### MATERIALS PROVIDED
· · · · ·
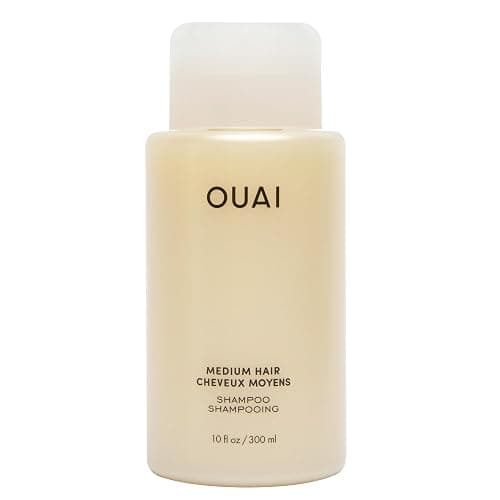 OUAI Medium Shampoo - Hydrating Shampoo with Coconut Oil, Babassu, Kumquat Extract and Keratin - Strengthens, Nourishes and Adds Shine - Paraben, Phthalate and Sulfate Free Hair Care Products - 300ml - Image 1
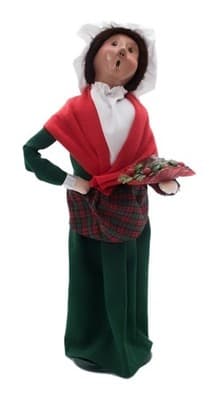 Byers' Choice Vintage 1996 Mrs. Cratchit With Turkey The Carolers Christmas Doll - Image 1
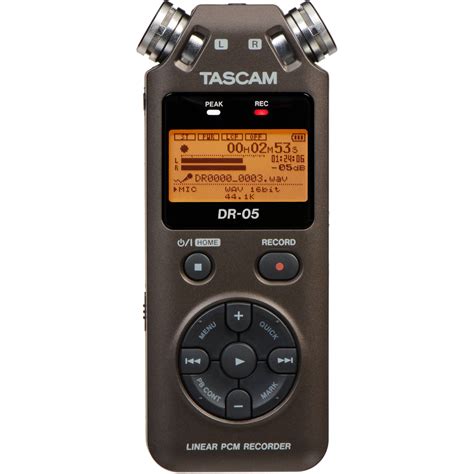 Tascam Dr 05 Portable Handheld Digital Audio Recorder Dr 05br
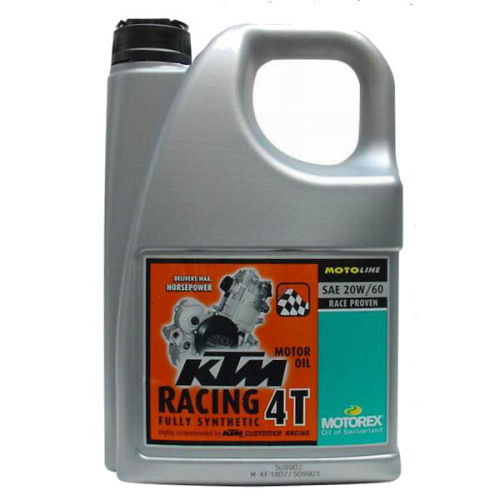 MOTOREX Масло моторное KTM RACING  4T 20W/60 4л синтетика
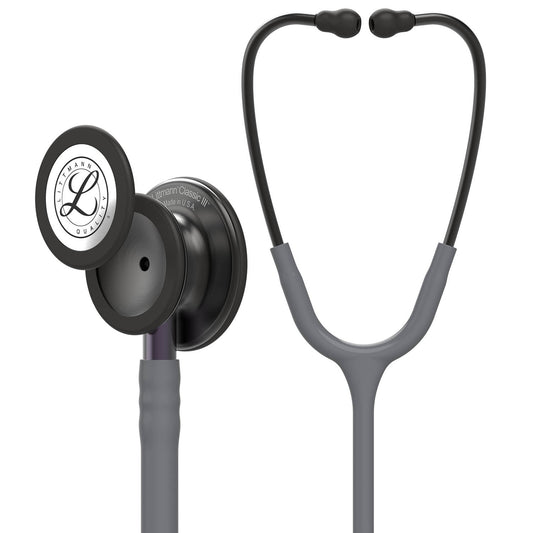 Littmann Classic III Monitoring Stethoscope: Smoke & Gray - Violet Stem 5873 - Freshers Voucher - Littmann Stethoscopes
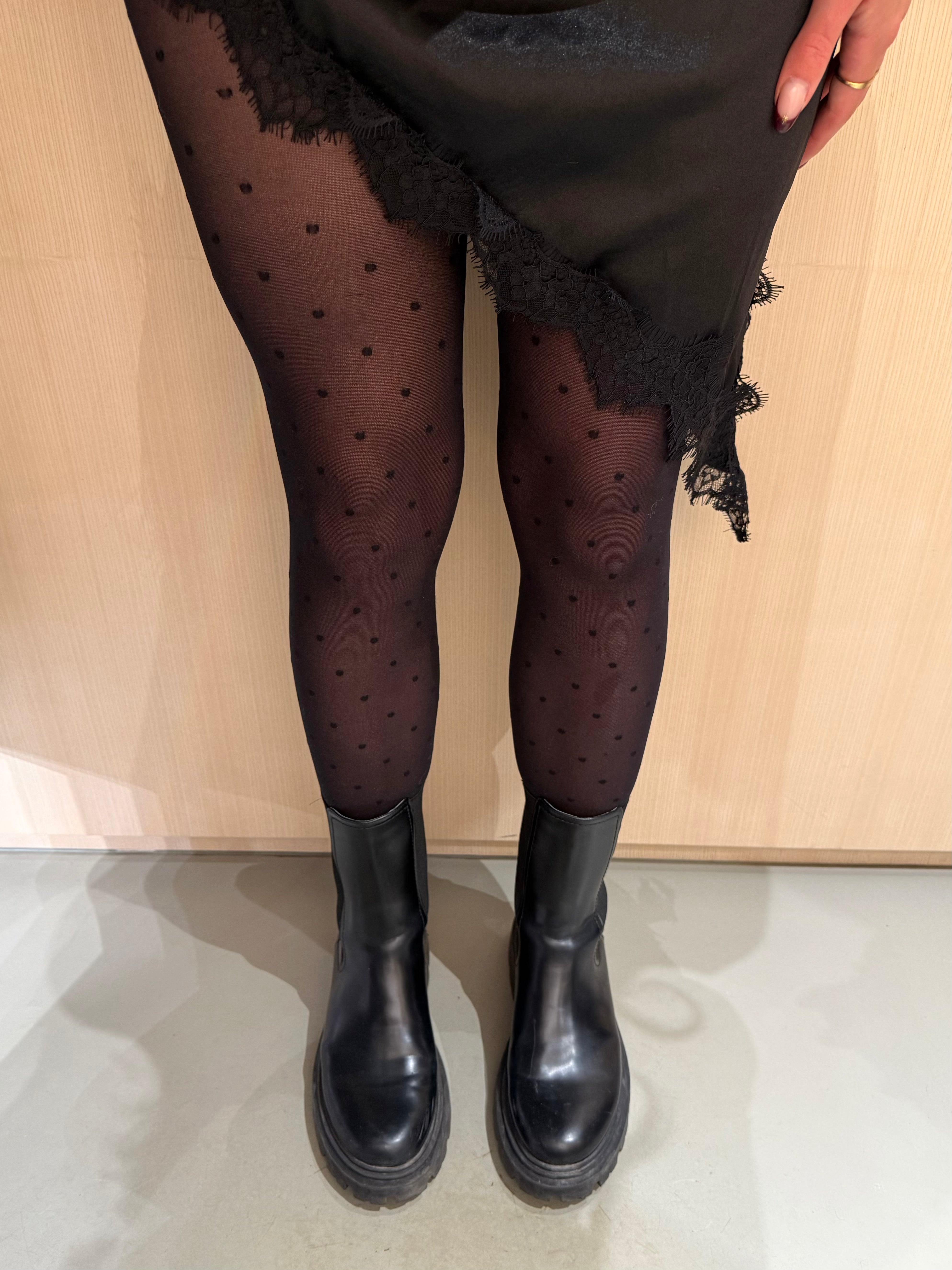 PCNEW Tights - Black/DOTS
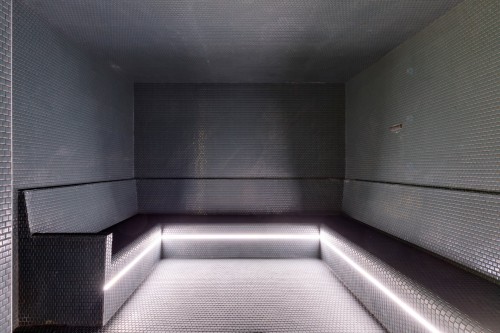 Sauna - 2303-1050 Rue Drummond, Montréal (Ville-Marie), QC - Indoor Photo Showing Other Room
· · · · ·
### WHAT THE TASK ASKS
The answer must consist solely of the lines from the first line of the records through the line containing "Tascam Dr 05", reproduced exactly and without the pictures.

### EXERCISE RESULT
 OUAI Medium Shampoo - Hydrating Shampoo with Coconut Oil, Babassu, Kumquat Extract and Keratin - Strengthens, Nourishes and Adds Shine - Paraben, Phthalate and Sulfate Free Hair Care Products - 300ml - Image 1
 Byers' Choice Vintage 1996 Mrs. Cratchit With Turkey The Carolers Christmas Doll - Image 1
 Tascam Dr 05 Portable Handheld Digital Audio Recorder Dr 05br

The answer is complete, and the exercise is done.